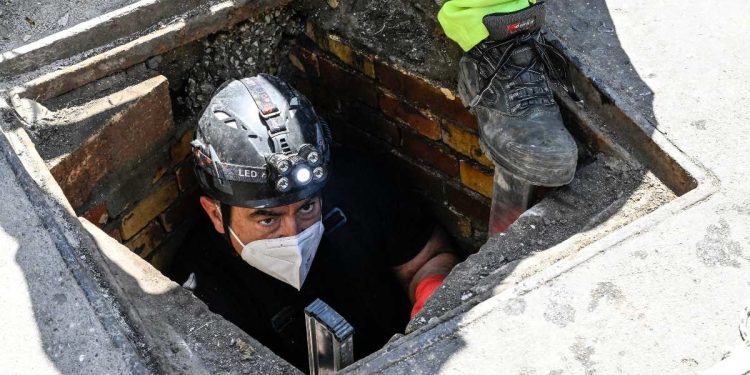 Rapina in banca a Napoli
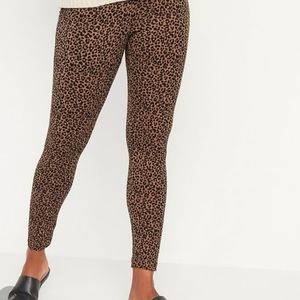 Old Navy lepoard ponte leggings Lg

---

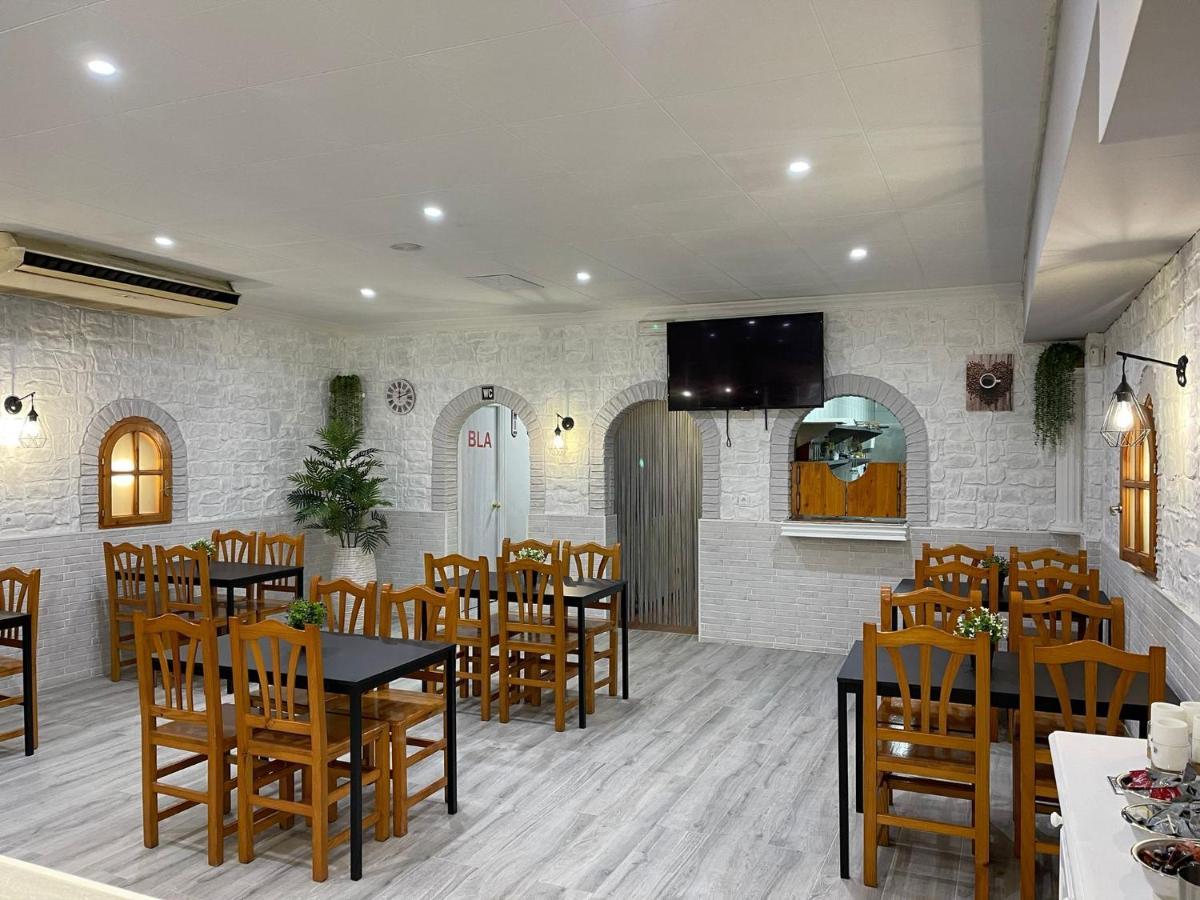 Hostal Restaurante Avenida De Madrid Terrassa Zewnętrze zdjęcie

--

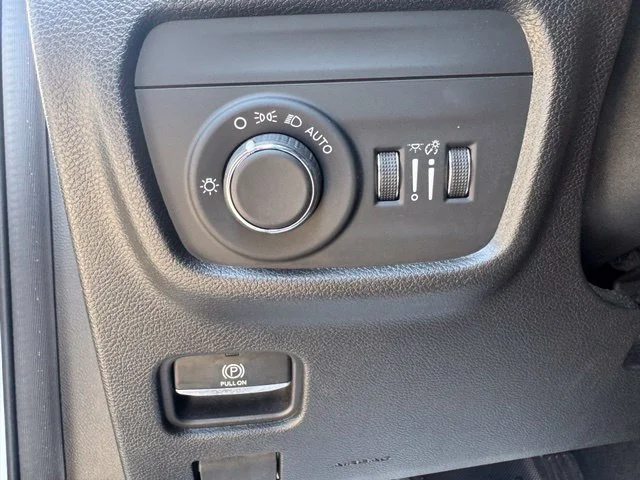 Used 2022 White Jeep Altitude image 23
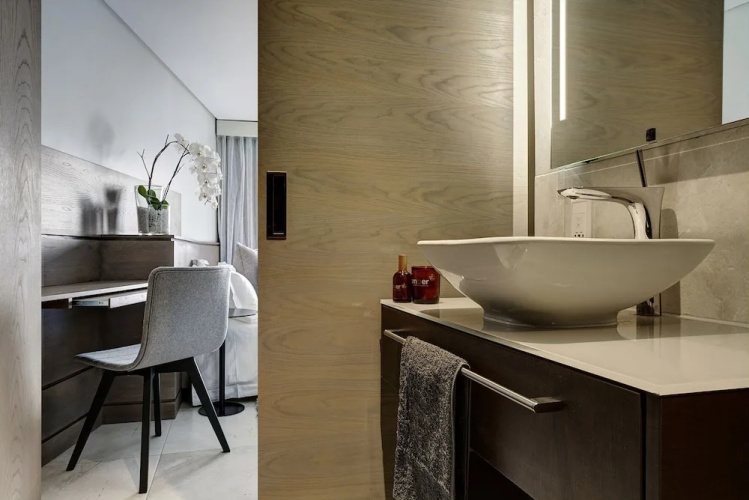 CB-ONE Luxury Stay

> [INSTRUCTIONS FOR THE TASK]:
Starting with the line that contains "Rapina in banca a Napoli" and finishing with the line that contains "Old Navy lepoard ponte leggings Lg", reproduce every line of the material above exactly, but not the pictures.

> [TASK OUTPUT]:
 Rapina in banca a Napoli
 Old Navy lepoard ponte leggings Lg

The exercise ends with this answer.